Я обернулся к Славе, но он, похоже, ничего не слышал и смотрел с недоумением, как я медленно, вроде как ни в чем не бывало, отступаю от подвала, не поворачиваясь спиной. Господи, — дрожало в голове, — это что у меня под пальто?..
— Летят! — закричали вдруг из переулка, на горке, за углом часового завода, и оттуда, оглядываясь назад и вверх, выбежал Грошев в расстегнутом черном ватнике. Совсем уже седые волосы на голове его стояли дыбом.
— Губаны летят! — пронзительно закричал Грошев. — Губаны летят! Летят!

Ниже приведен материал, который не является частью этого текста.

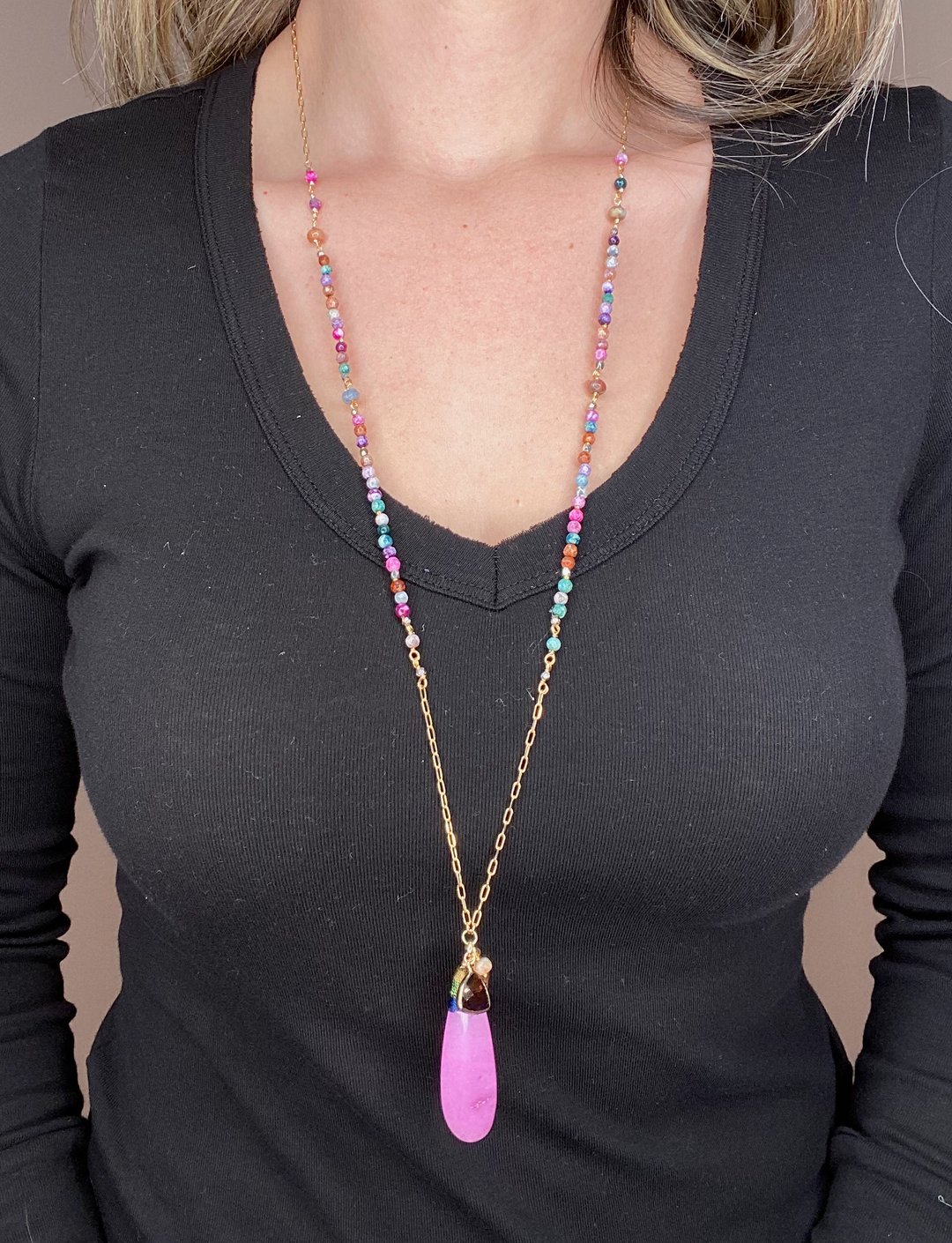 PINK PENDANT THREE STRAND NECKLACE - Kingfisher Road - Online Boutique
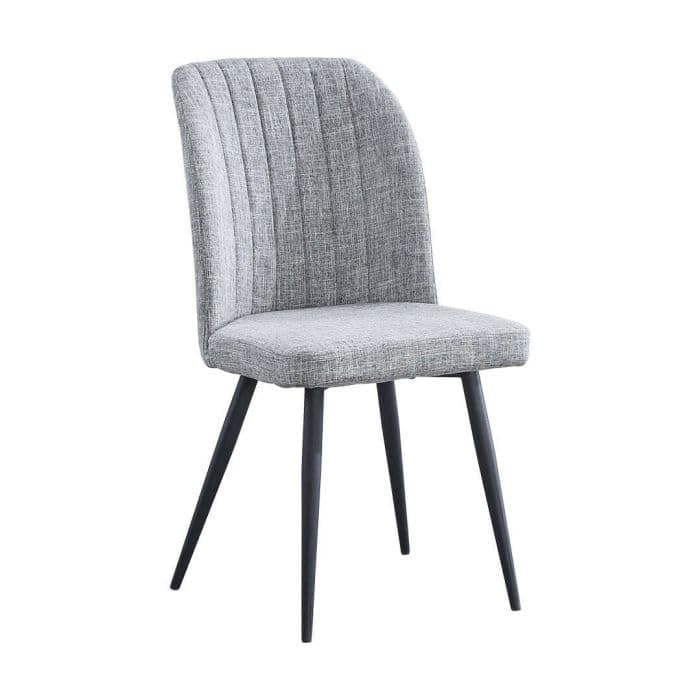 Silla de comedor tapizada en gris con patas de metal negro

Губаны! — и он в отчаянии погрозил кулаками небу.
Потом, задыхаясь, он пробежал мимо нас, не обратив на меня даже внимания, и, чуть не падая, в расстегнутом, болтающемся ватнике, бросился бежать между кабелями, зигзагами через сквер.
Я стоял, не шевелясь, как парализованный, потом медленно посмотрел в небо — там пока не было никого.
Так же медленно я оглянулся: но Славы тоже не было, он убежал, как видно, тут же, только сунул мне в руки свой букет. Действительно, в правой руке у меня теперь был его букет, а левой я сжимал по-прежнему узел с Лидиным платьем.
— Зачем? — сказал я вслух и понюхал машинально букет. Я был в абсолютном, в полном еще рассудке.
Должно быть, поэтому я двинулся не вниз, а вверх, к церкви, по Савельевской, держа в вытянутой руке цветы, а на плечо положив узел, придерживая его левой рукой. Я все равно знал, что я иду к Лиде и что сын все ж таки меня бросил…
Я шел мимо знакомых с детства домов, мимо закрытых окон, железных ворот, подъездов, которые помнил всю жизнь. Я шел теперь вверх совершенно один, с узлом белья на плече и с букетом гвоздик.
И приближалась слева ограда церкви на той стороне, а справа я даже видел над подъездом квадратную, сохранившуюся еще с тридцатых годов нашлепку Осоавиахима: каменный барельеф звезды перекрещивали выпуклая, такая подлинная винтовка со штыком и пропеллер.
Я прошел медленно тоже пустым проходным двором прямо к дому, где жил Дувекин. Почему я сам сюда пришел?.. — этого я не знаю. Вокруг меня, по-видимому, был сдвинутый в сторону мир.